[Short text fragments from websites]
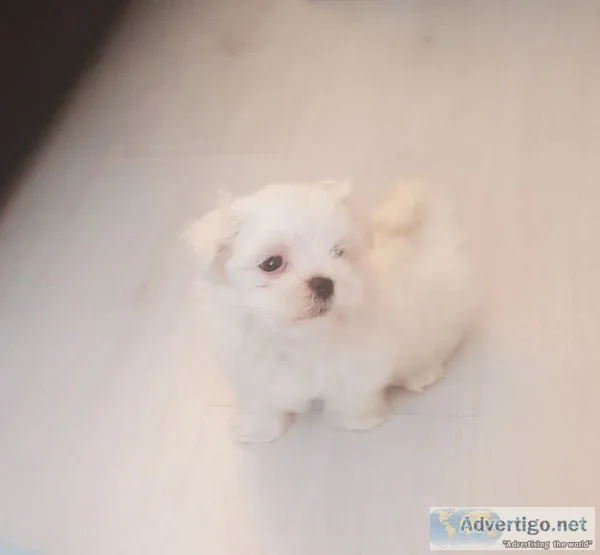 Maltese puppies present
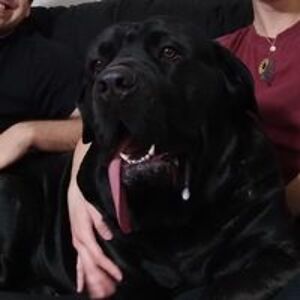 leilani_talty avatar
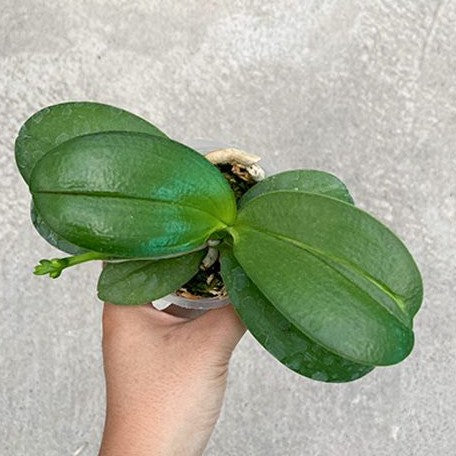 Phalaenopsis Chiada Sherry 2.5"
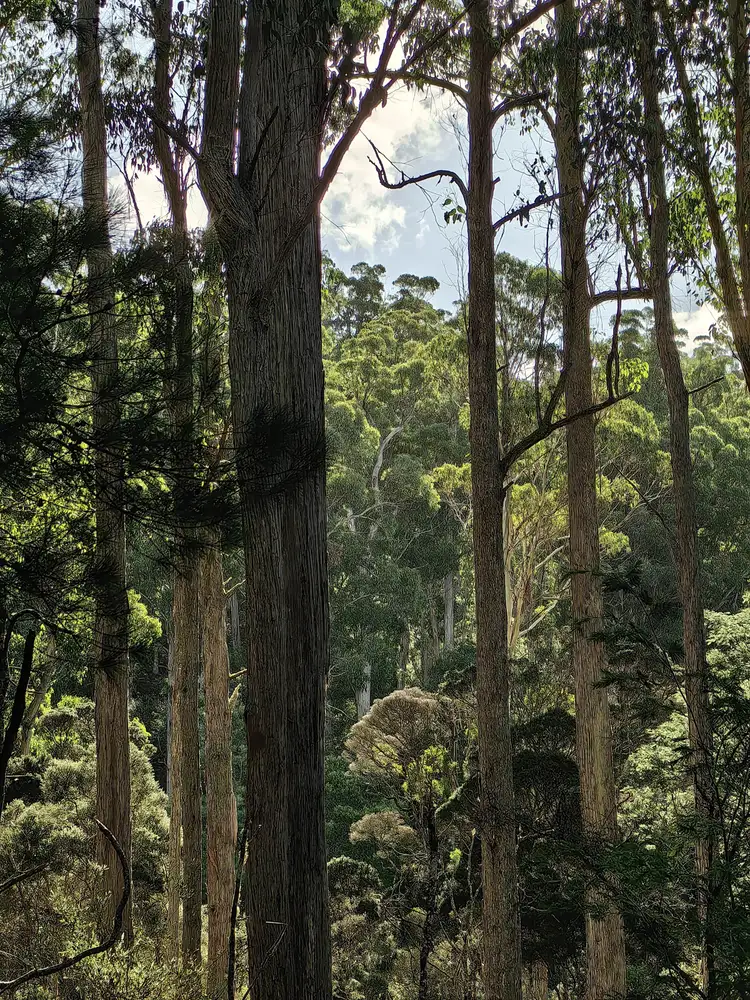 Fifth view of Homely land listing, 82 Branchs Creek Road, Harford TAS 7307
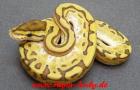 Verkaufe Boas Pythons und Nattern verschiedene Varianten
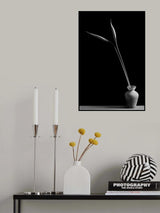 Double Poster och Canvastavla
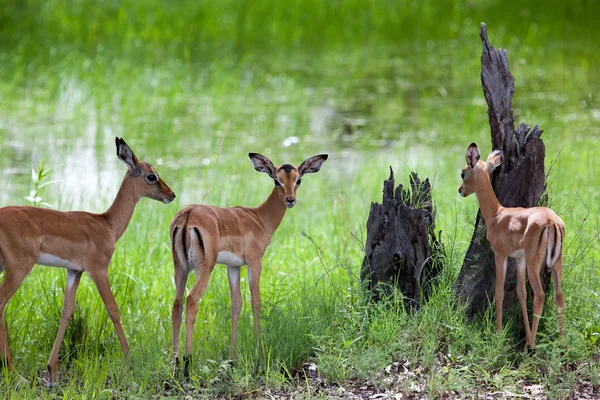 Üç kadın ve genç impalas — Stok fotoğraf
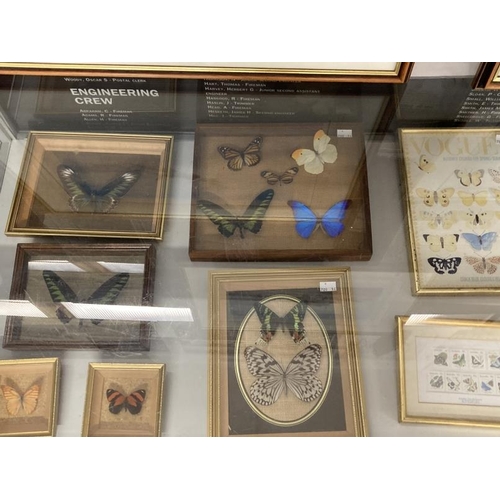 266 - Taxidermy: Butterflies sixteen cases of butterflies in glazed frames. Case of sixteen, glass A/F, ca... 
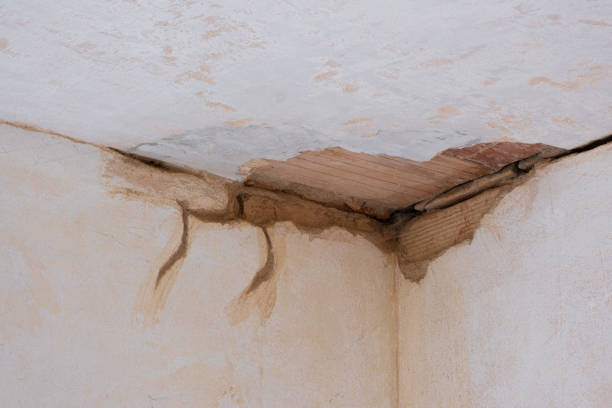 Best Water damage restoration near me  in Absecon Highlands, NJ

- _What to work on_
Repeat every record above exactly. Omit the pictures.

- _Response box_
 Maltese puppies present
 leilani_talty avatar
 Phalaenopsis Chiada Sherry 2.5"
 Fifth view of Homely land listing, 82 Branchs Creek Road, Harford TAS 7307
 Verkaufe Boas Pythons und Nattern verschiedene Varianten
 Double Poster och Canvastavla
 Üç kadın ve genç impalas — Stok fotoğraf
 266 - Taxidermy: Butterflies sixteen cases of butterflies in glazed frames. Case of sixteen, glass A/F, ca... 
 Best Water damage restoration near me  in Absecon Highlands, NJ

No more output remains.